● Provided data
»»
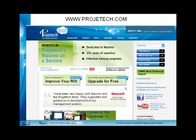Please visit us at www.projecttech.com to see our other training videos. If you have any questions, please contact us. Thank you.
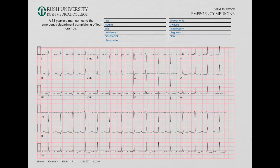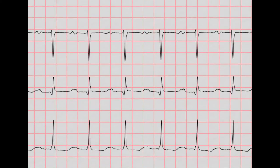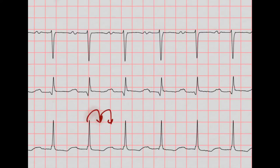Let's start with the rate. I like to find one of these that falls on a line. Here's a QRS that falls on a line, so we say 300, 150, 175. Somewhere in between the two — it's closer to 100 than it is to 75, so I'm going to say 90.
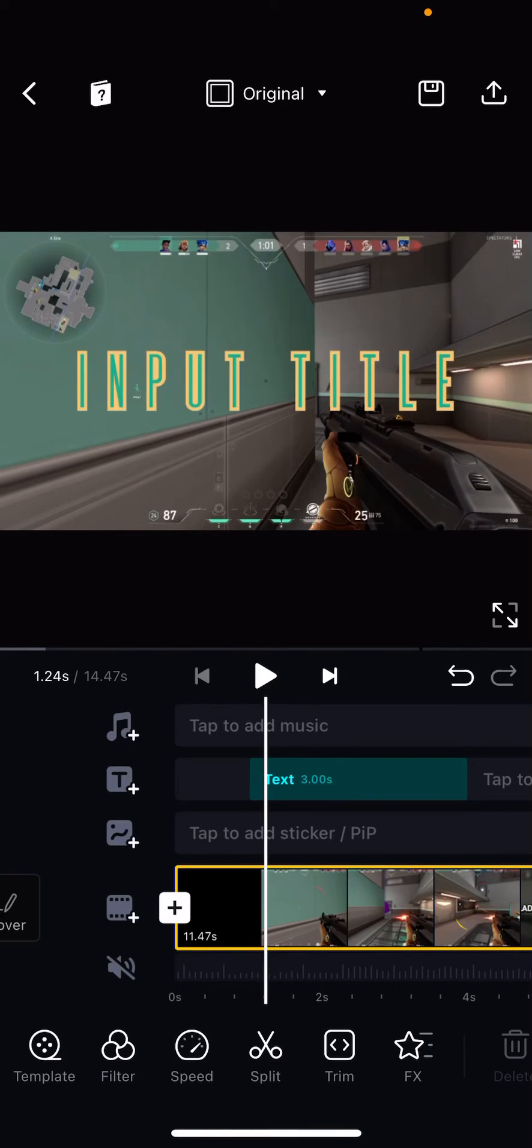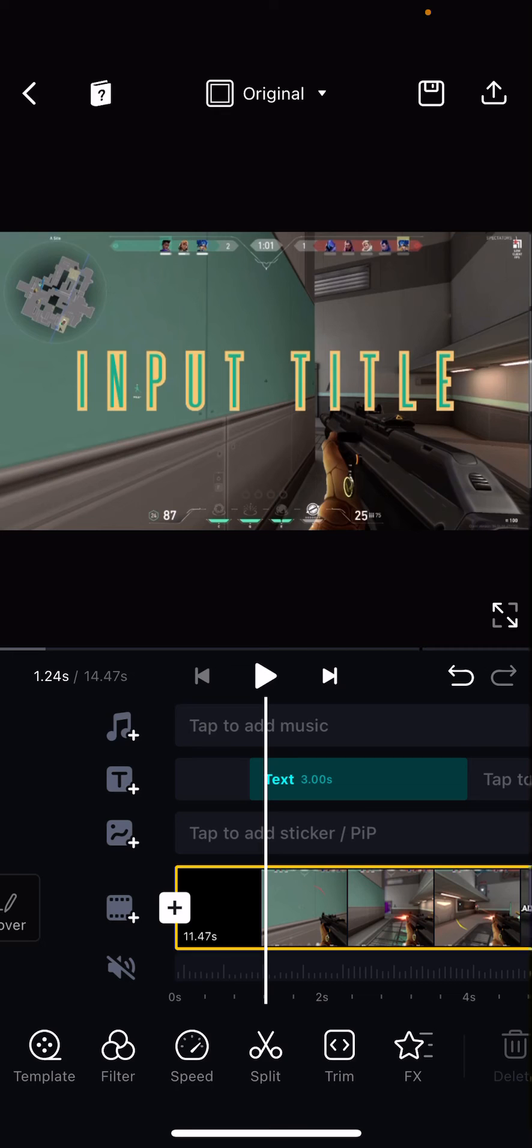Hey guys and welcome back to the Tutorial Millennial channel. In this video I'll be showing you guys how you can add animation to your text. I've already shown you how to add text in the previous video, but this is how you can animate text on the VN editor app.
««
Exactly repeat every line from the line that includes "Let's start with" to the end of the listing, and nothing else, leaving pictures out.

Let's start with the rate. I like to find one of these that falls on a line. Here's a QRS that falls on a line, so we say 300, 150, 175. Somewhere in between the two — it's closer to 100 than it is to 75, so I'm going to say 90.
Hey guys and welcome back to the Tutorial Millennial channel. In this video I'll be showing you guys how you can add animation to your text. I've already shown you how to add text in the previous video, but this is how you can animate text on the VN editor app.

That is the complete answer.